In this particular setting where we compare treat-to-target to usual care, but applied by centers which were experts in axial SpA, so a very good usual care. There was no statistically significant difference, in terms of significant improvement of quality of life after 1 year of intensively targeting disease activity.
However, when we looked at disease activity, other patient reported outcomes, other outcomes that were statistically significant across the groups. And there was also twice as much biologics prescribes in the T2T arm. And curiously, there was no difference in safety. The infection rate was comparable across the groups and, despite this twice as much prescription of biologics, the treat-to-target was proven to be cost effective.
I didn't have the time to go into detail in the presentation, but patients from usual care were actually more on sick leave, compared to patients in the T2T arm so that helped to level the cost of the biologics in the study. So, I think, this study alone cannot justify to apply treat-to-targeting all patients, because despite that, we see many positive outcomes.
The study is negative on its primary end point, but we need other studies-- perhaps more power studies-- to confirm the results that we see in many other outcomes, and in our study. And hopefully we'll confirm our clinical impression that is, the treat-to-target can be applied in patients with axial spondyloarthritis.
There are recommendations available for treat-to-target in axial spondyloarthritis, but there is actually no data proving that such a strategy is efficacious in our patients. The recommendations are somehow driven by the results seen in the TICOSPA trial that control the enteropathic arthritis. And the belief that by targeting inflammation we will improve quality of life of patients, but this is the first study evaluating and comparing T2T, treat-to-target, to usual care.
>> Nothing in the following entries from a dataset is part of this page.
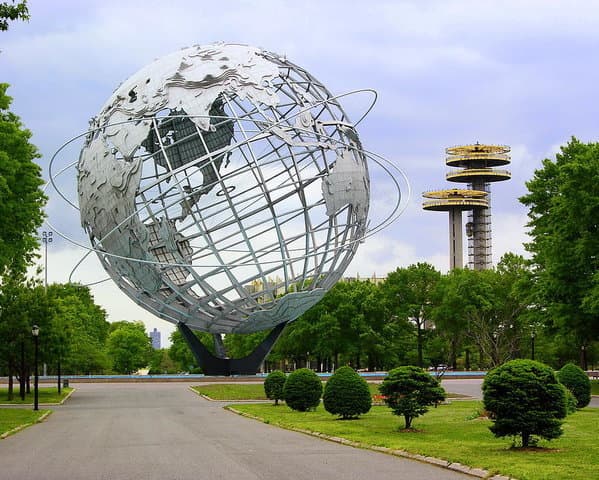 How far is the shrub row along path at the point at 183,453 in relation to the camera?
1379 centimetres

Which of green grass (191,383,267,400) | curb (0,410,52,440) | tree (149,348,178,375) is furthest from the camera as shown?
tree (149,348,178,375)

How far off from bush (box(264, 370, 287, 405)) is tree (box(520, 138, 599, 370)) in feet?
41.7

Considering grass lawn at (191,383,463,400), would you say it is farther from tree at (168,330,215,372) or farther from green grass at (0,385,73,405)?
tree at (168,330,215,372)

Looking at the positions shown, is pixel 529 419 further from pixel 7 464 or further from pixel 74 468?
pixel 7 464

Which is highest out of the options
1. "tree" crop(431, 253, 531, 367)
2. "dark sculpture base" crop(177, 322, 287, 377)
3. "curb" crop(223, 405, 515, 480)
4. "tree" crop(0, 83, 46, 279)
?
"tree" crop(0, 83, 46, 279)

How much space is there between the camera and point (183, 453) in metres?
16.8

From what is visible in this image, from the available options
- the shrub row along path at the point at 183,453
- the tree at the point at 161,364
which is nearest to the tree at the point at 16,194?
the shrub row along path at the point at 183,453

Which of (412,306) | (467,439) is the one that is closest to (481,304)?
(412,306)

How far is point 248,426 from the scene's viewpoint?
23.6 m

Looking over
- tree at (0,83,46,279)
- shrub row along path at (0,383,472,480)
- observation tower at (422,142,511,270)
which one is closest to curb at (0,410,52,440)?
shrub row along path at (0,383,472,480)

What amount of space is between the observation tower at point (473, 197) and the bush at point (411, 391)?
88185 mm

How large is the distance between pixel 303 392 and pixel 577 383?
325 inches

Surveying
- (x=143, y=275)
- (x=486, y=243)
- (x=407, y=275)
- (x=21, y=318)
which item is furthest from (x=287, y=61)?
(x=486, y=243)

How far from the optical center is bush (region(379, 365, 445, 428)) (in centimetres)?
2089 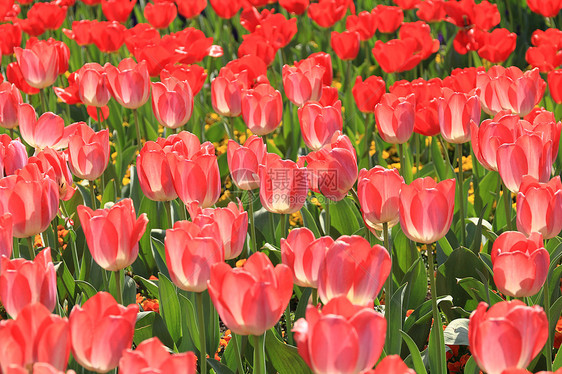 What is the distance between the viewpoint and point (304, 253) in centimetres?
182

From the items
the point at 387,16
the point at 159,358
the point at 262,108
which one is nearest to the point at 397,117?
the point at 262,108

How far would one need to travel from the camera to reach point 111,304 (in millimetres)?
1500

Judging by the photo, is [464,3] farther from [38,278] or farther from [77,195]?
[38,278]

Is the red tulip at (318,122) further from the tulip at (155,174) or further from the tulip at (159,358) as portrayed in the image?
the tulip at (159,358)

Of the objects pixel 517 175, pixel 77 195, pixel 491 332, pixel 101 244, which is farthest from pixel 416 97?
pixel 491 332

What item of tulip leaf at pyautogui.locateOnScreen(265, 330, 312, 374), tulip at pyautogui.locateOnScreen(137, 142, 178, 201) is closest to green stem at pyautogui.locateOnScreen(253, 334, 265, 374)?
tulip leaf at pyautogui.locateOnScreen(265, 330, 312, 374)

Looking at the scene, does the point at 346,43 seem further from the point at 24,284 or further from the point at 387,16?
the point at 24,284

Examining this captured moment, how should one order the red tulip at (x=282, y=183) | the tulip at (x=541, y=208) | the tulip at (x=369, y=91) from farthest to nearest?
1. the tulip at (x=369, y=91)
2. the red tulip at (x=282, y=183)
3. the tulip at (x=541, y=208)

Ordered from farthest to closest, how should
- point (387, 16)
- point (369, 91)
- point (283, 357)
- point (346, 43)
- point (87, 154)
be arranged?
point (387, 16) → point (346, 43) → point (369, 91) → point (87, 154) → point (283, 357)

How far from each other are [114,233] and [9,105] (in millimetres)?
1568

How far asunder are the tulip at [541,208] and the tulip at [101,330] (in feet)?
3.59

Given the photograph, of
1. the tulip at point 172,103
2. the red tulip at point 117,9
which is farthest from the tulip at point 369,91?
the red tulip at point 117,9

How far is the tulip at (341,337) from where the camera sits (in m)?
1.34

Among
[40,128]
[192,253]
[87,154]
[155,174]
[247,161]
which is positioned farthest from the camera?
[40,128] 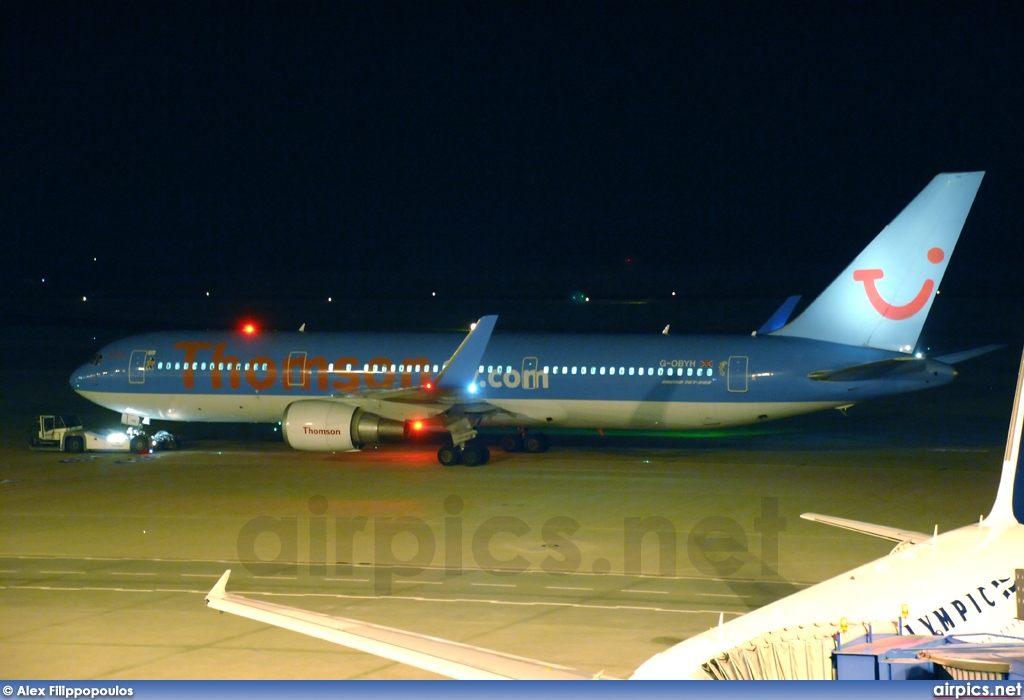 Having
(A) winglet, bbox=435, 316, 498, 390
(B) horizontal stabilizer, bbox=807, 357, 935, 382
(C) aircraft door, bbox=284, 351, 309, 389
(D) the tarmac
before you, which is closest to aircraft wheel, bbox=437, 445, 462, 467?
(D) the tarmac

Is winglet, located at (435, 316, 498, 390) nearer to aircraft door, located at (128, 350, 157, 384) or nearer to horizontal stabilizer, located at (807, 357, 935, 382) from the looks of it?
horizontal stabilizer, located at (807, 357, 935, 382)

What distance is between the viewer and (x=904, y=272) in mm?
29422

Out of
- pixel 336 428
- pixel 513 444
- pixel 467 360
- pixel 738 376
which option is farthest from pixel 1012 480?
pixel 513 444

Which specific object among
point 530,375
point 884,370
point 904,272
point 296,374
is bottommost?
point 884,370

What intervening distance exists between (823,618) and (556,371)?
2351 cm

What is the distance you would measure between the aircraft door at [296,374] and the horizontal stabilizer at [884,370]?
49.9 feet

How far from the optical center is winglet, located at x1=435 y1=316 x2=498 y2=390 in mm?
30656

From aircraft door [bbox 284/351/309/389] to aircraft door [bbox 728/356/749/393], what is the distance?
12.4 m

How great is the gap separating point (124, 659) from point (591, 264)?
160m

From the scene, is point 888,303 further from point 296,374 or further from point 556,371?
point 296,374

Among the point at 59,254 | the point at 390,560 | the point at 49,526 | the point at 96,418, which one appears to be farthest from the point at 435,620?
the point at 59,254

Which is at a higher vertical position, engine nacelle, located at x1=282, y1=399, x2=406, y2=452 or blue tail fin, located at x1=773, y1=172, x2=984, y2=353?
blue tail fin, located at x1=773, y1=172, x2=984, y2=353

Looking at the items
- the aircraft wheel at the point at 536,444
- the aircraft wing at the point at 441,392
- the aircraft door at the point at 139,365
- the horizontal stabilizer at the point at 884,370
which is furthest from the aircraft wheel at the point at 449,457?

So for the treat-to-target arm, the predefined strategy that was provided to investigators was provided by an electronic algorithm was simply following the recommendations published by Euller and others, which recommend to start by two full courses of NSAIDs of at least two weeks.
And in case the disease was still active -that was that the ASDAS was not below 2.1- it was recommended to jump up to a biologic. And in case after 12 weeks of treatment there was no improvement whatsoever, and not meeting the target, and below 2.1, then it was recommended to escalate another barrage. Basically, we could resume the treatment, to intensify treatment, up to the point that the target was met, which was an ASDAS below 2.1.
In this study, different from what has been performing rheumatology in treat-to-target, the TICORA and the TICOSPA study aimed to prove an improvement in disease activity by targeting disease activity. And we thought that it would be better to improve health-related quality of life, another domain, a more permanent feature of the disease, while intensively targeting disease activity. And we decided to choose health related quality of life outcome, which is to assess health index, which is a validated index.
And perhaps we were a little bit too ambitious by trying to improve in a relatively short period of time, quality of life, by targeting inflammation that might be one of the reasons. It may be also that the study was slightly under-powered, because of the design of the study, of the cluster-- cluster randomization.
There was no statistically significant difference. We couldn't-- we did not reach the 0.05. But you can see that there was a difference between the two arms in favor of the T2T of 11%. And actually, some studies comparing two active treatment considered, when calculating the sample size, that an 11% difference of course groups could be considered a significant. Potentially these trial will give them a better estimation of the sample size that would be needed.
So perhaps a better study, or more power study, will allow us to draw conclusions. I think we need to do more studies. I cannot believe that with one study, which did not meet the primary outcome, we can say with absolute certainty that T2T must be apply in all patients. But I think it makes sense to have a target in mind when treating a patient with axial spondyloarthritis. And I think it's very important to measure this activity in axial spondyloarthritis.
So tight control is the main limitation, I think. No one in real life-- or almost no one in real life can see patients every four weeks. And in this sense, I think, other health practitioners, such as rheumatology nurses, are key to implement this approach. Otherwise, it's just not possible in clinical practice. Another key role player might be the patient himself or herself. By training patients to self-assess disease activity, we could aim for a tight control in our patients without necessarily having to see them every 4 weeks.